Continental AG is downgrading its outlook for 2018 due to the performance of its tire business so far this year.
On April 18 the company said, "Exchange rate and inventory valuation effects will impact earnings by around 150 million euro in (the first half of) 2018. This negative impact affects primarily the tire business.
"At present, we do not assume that we will be able to compensate for these negative effects in the Rubber Group over the course of the year. We are therefore lowering our outlook for the adjusted EBIT margin of the Rubber Group from about 15% to more than 14% for 2018."
Continental says the adjusted operating result (adjusted EBIT) for the Rubber Group in the first quarter of 2018 will be about 100 million euro lower than the first quarter of 2017.
The news comes about six weeks after Continental released preliminary data on its 2017 results, and said the overall company had increased sales by 8.5% to 44 billion euros — and had surpassed its targets for the year.
On March 8 Continental Chairman Elmar Degenhart said he expected the profitable growth to continue in 2018:
“The start we have made to fiscal 2018 has confirmed our expectations. We are therefore reaffirming our outlook from early January. We intend to continue our successful course of growth and profitability.
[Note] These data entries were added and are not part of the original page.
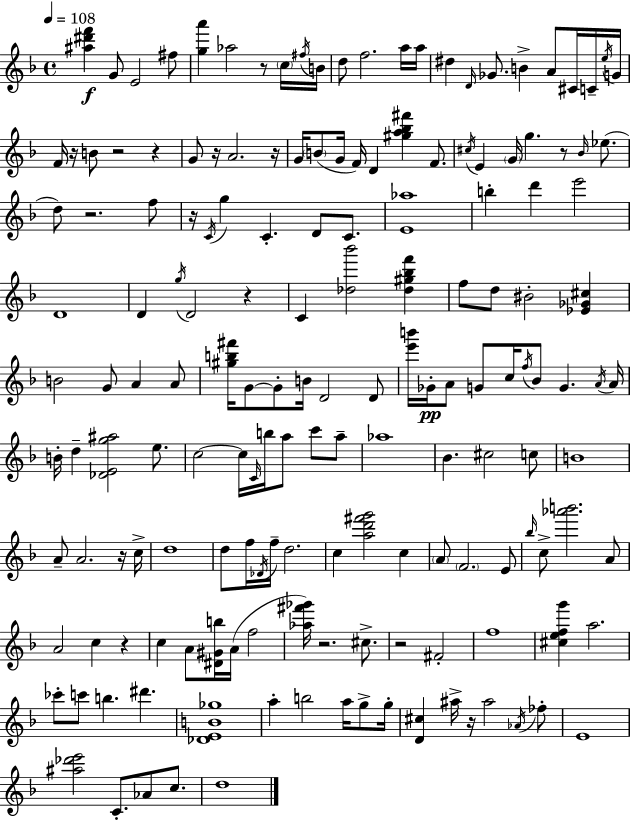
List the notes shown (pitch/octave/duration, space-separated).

[A#5,D#6,F6]/q G4/e E4/h F#5/e [G5,A6]/q Ab5/h R/e C5/s F#5/s B4/s D5/e F5/h. A5/s A5/s D#5/q D4/s Gb4/e. B4/q A4/e C#4/s C4/s E5/s G4/s F4/s R/s B4/e R/h R/q G4/e R/s A4/h. R/s G4/s B4/e G4/s F4/s D4/q [G#5,A5,Bb5,F#6]/q F4/e. C#5/s E4/q G4/s G5/q. R/e Bb4/s Eb5/e. D5/e R/h. F5/e R/s C4/s G5/q C4/q. D4/e C4/e. [E4,Ab5]/w B5/q D6/q E6/h D4/w D4/q G5/s D4/h R/q C4/q [Db5,Bb6]/h [Db5,G#5,Bb5,F6]/q F5/e D5/e BIS4/h [Eb4,Gb4,C#5]/q B4/h G4/e A4/q A4/e [G#5,B5,F#6]/s G4/e G4/e B4/s D4/h D4/e [E6,B6]/s Gb4/s A4/e G4/e C5/s F5/s Bb4/e G4/q. A4/s A4/s B4/s D5/q [Db4,E4,G5,A#5]/h E5/e. C5/h C5/s C4/s B5/s A5/e C6/e A5/e Ab5/w Bb4/q. C#5/h C5/e B4/w A4/e A4/h. R/s C5/s D5/w D5/e F5/s Db4/s F5/s D5/h. C5/q [A5,D6,F#6,G6]/h C5/q A4/e F4/h. E4/e Bb5/s C5/e [Ab6,B6]/h. A4/e A4/h C5/q R/q C5/q A4/e [D#4,G#4,B5]/s A4/s F5/h [Ab5,F#6,Gb6]/s R/h. C#5/e. R/h F#4/h F5/w [C#5,E5,F5,G6]/q A5/h. CES6/e C6/e B5/q. D#6/q. [Db4,E4,B4,Gb5]/w A5/q B5/h A5/s G5/e G5/s [D4,C#5]/q A#5/s R/s A#5/h Ab4/s FES5/e E4/w [A#5,Db6,E6]/h C4/e. Ab4/e C5/e. D5/w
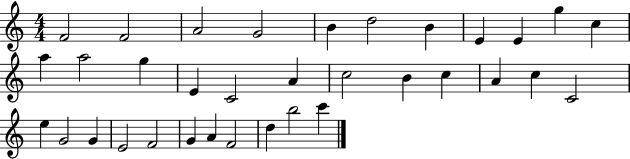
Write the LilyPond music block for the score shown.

{
  \clef treble
  \numericTimeSignature
  \time 4/4
  \key c \major
  f'2 f'2 | a'2 g'2 | b'4 d''2 b'4 | e'4 e'4 g''4 c''4 | \break a''4 a''2 g''4 | e'4 c'2 a'4 | c''2 b'4 c''4 | a'4 c''4 c'2 | \break e''4 g'2 g'4 | e'2 f'2 | g'4 a'4 f'2 | d''4 b''2 c'''4 | \break \bar "|."
}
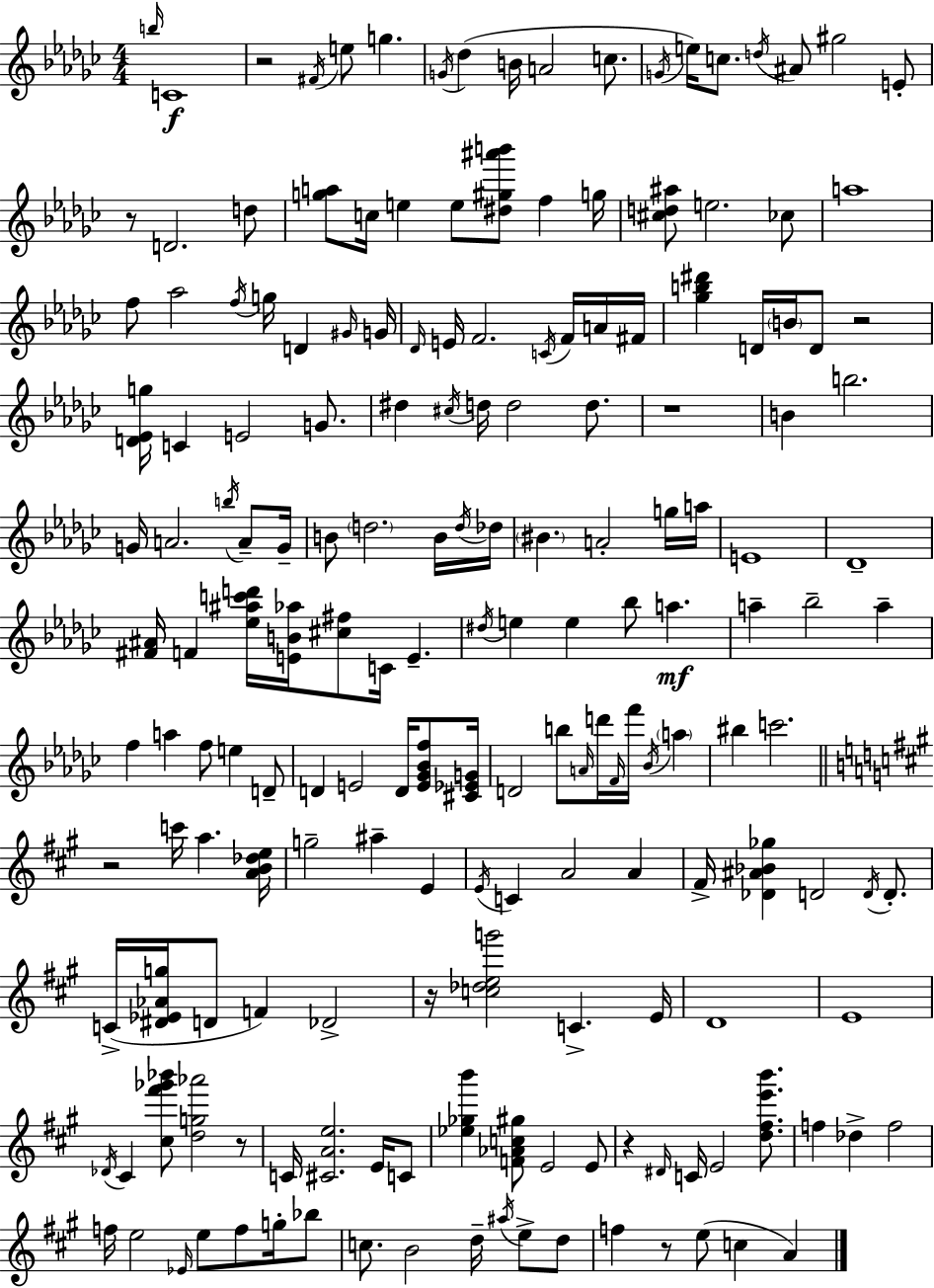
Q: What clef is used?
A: treble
For the current year, we are still anticipating a significant rise in sales of just under 7% to approximately 47 billion euro before exchange-rate effects, with an adjusted EBIT margin of around 10.5 percent. This is based on growth in the global production of passenger cars and light commercial vehicles of more than 1% to 96.5 million vehicles.”
Continental will publish initial data for the first quarter of 2018 during its annual shareholders meeting April 27, 2018. The full financial report for the first quarter will be published May 8, 2018.